Communist? Well there, immediately, is one of China’s perplexing contradictions, beautifully illustrated by the many folkloric tales that Chinese locals love to share with visitors from abroad.
One such anecdote, gleefully recounted by one of many guides I met along my travels, describes how former US president George W. Bush, Russia’s Vladimir Putin and China’s current leader, Hu Jintao, were driving together in a car before reaching a T-junction. The driver turned to the leaders and asked them in which direction to go and Bush Jnr (or “little Bush”, as our Chinese guide described him) said, “Turn right.” Putin, the Russian leader, said, “Right.” The driver then asked Hu which way to turn and he replied: “Make a signal to turn left, but turn right.”
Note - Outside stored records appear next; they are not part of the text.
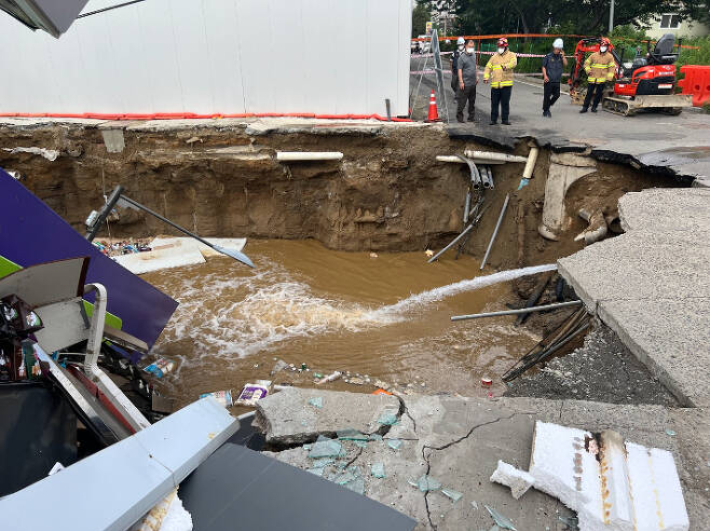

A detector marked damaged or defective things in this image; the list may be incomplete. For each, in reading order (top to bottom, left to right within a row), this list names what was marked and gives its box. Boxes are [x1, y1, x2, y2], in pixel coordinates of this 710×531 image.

broken concrete [560, 189, 710, 410]
broken concrete [254, 386, 400, 444]
broken glass shard [378, 410, 400, 426]
broken glass shard [308, 436, 344, 462]
broken glass shard [370, 464, 386, 480]
cracked pavement [253, 388, 708, 528]
broken concrete [258, 388, 710, 528]
broken glass shard [484, 508, 516, 531]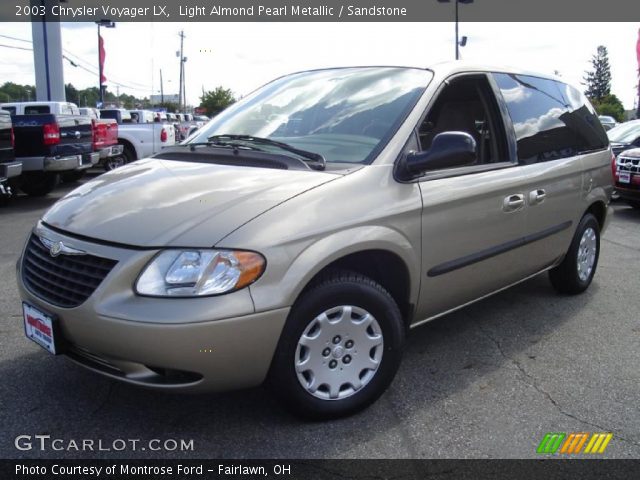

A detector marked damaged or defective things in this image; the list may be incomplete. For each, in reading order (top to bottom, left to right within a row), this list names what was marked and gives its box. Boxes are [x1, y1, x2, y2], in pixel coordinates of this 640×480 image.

The joke is simply this: in China, the leadership professes to be communist, but the truth is it’s capitalist. And you’d better believe it. From 1949, Chairman Mao presided over this vast land with a communist vision of dominance, but since his demise in the mid-’70s, and especially in the past decade, the country’s ruling junta has turned its eye to the free market.
Everywhere you visit, the power and wealth of the world’s fastest-growing economy is potently palpable; its 1.3 billion people may not be individually wealthy, but the collective fiscal might of China is everywhere to see.